# Prop head



## playfx (Mar 10, 2007)

Its still a WIP but thought I would show what I had so far, I do have the ears on him just no pics yet. He's going to be next to my old time ticket booth im making.

http://i49.photobucket.com/albums/f289/playfx/Hitchcock031.jpg
http://i49.photobucket.com/albums/f289/playfx/Hitchcock030.jpg
http://i49.photobucket.com/albums/f289/playfx/Hitchcock029.jpg


----------



## Dr Morbius (Sep 21, 2004)

Is that Alfred Hitchcock?! Whoa!!! Niiice sculpt!


----------



## playfx (Mar 10, 2007)

Thanks, yes thats Alfred, still have alot to do yet but it coming along.


----------



## Dr Morbius (Sep 21, 2004)

Hey if it's recognizable, it's AWESOME!


----------



## playfx (Mar 10, 2007)

This is one I did for 06 haunt
http://i49.photobucket.com/albums/f289/playfx/heads007.jpg


----------



## GothicCandle (Mar 26, 2007)

WOW that is nice!


----------



## Dr Morbius (Sep 21, 2004)

Vincent Price! Kickass, man!


----------



## Sickie Ickie (Jun 20, 2006)

You and DS have me in awe! How long have you been sculpting?


----------



## playfx (Mar 10, 2007)

Vincent was my third sculpt and Alfred is my fourth, wish I had more time to sculpt.


----------



## playfx (Mar 10, 2007)

I take that back, this is my fourth, http://i49.photobucket.com/albums/f289/playfx/heads072.jpg
Alfred is # 5


----------



## slimy (Jul 12, 2006)

Vincent Price, Alfred Hitchcock and Howard Stern.

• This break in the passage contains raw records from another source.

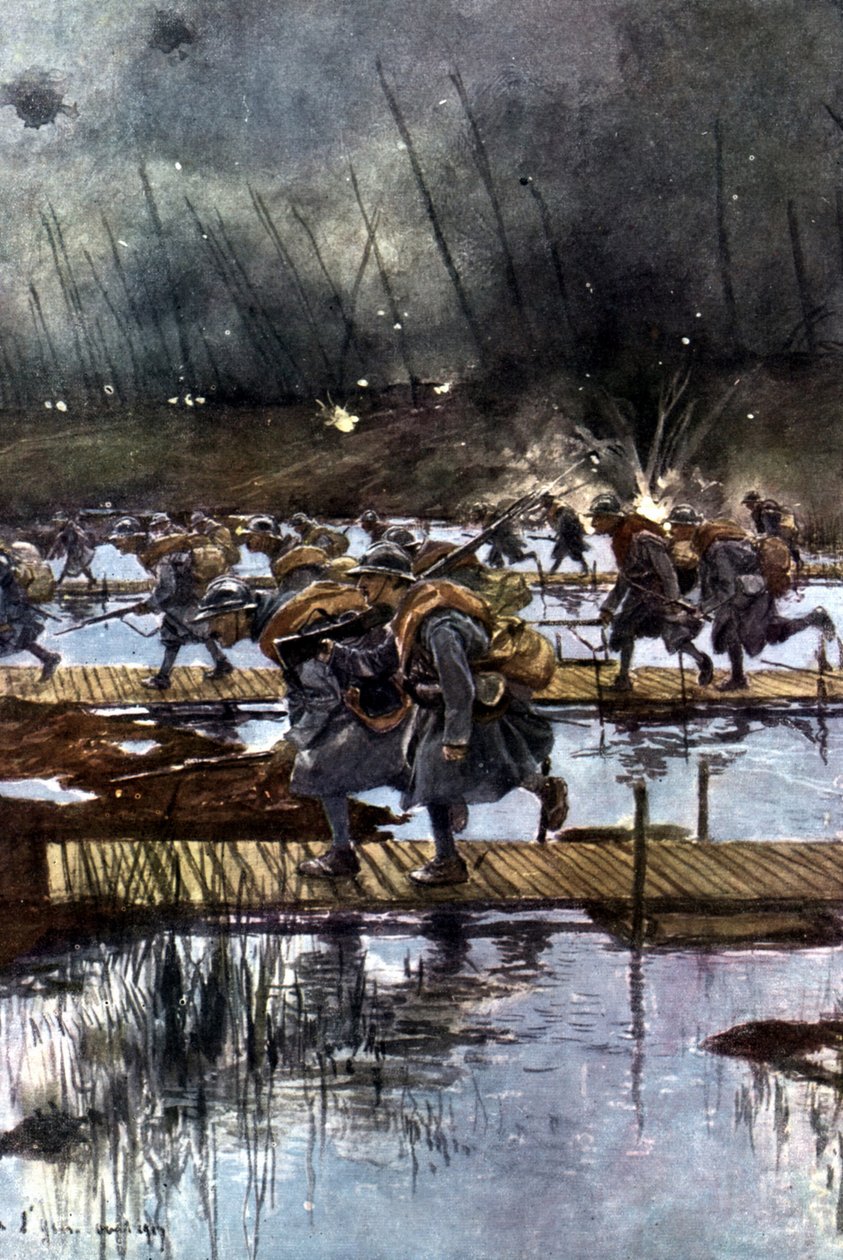 French 1st Infantry Corps Crossing of the Yser Canal, 31 July 1917, 4.45 am After Painting by Francois Flameng by Francois Flameng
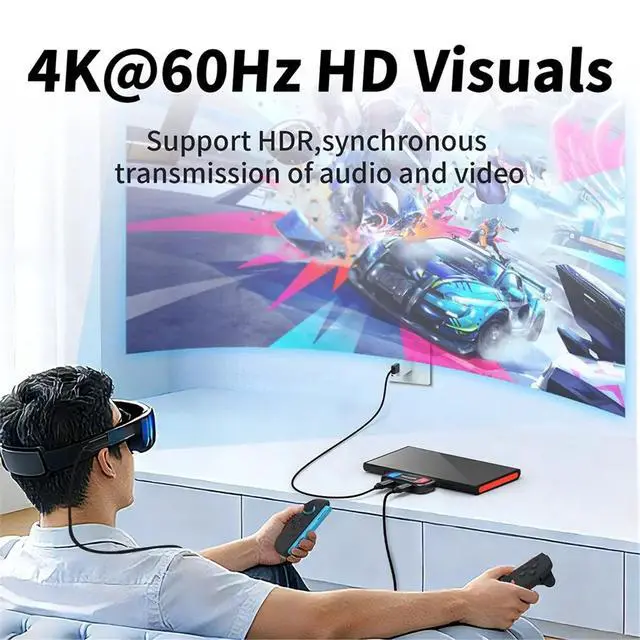 Alt view image 2 of 3 - Direct Connection Converter 4K@60Hz USB C to AR Glasses and Charging Adapter for 2, Support HDR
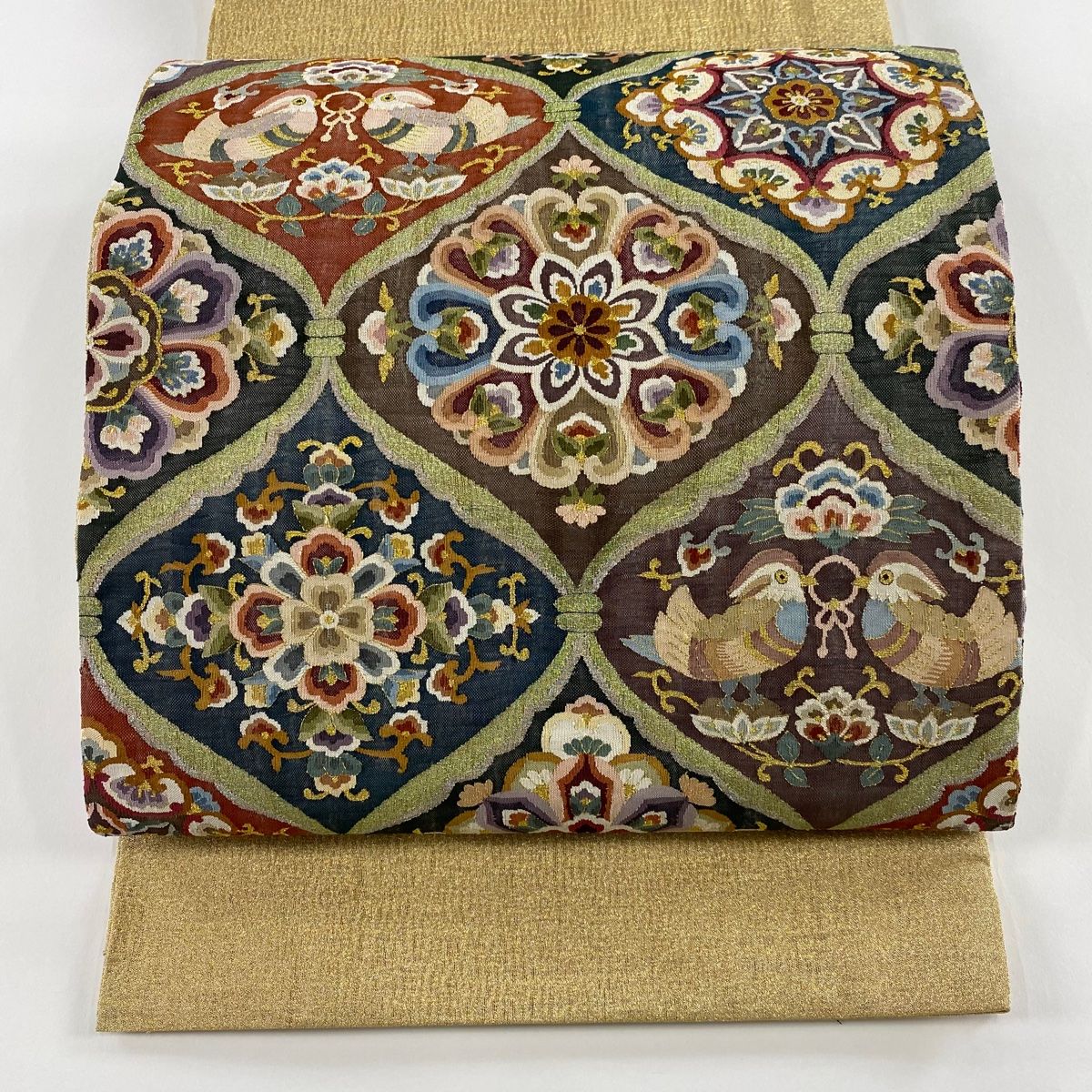 袋帯 華文 向かい鳥 金銀糸 金色 お太鼓柄 正絹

Great work.


----------



## dave the dead (Jan 31, 2007)

Fantastic work!


----------



## Lauriebeast (Feb 27, 2007)

Excellent work...you're very talented!


----------



## playfx (Mar 10, 2007)

Thanks all.

slimy............I never thought about Howard Stern, I was going for the house of wax guy but you may be on to something here.......lol


----------



## spokanejoe (Sep 16, 2006)

Fantastic work ,playfx!!!!.....you need to post a how-to for those of us that are "sculpture-ally" challenged


----------



## Vlad (Aug 2, 2005)

Very nice PFX. You're very talented.


----------



## Hawks Hill Haunter (Apr 1, 2007)

Great work, playfx! very cool...now a little bit of an ignorant question (i am fairly new to this stuff) how do you use them in your haunt? what materials are used?


----------



## ScareFX (Aug 18, 2004)

Really really nice work playfx.


----------



## playfx (Mar 10, 2007)

Thanks again everyone for the kind words.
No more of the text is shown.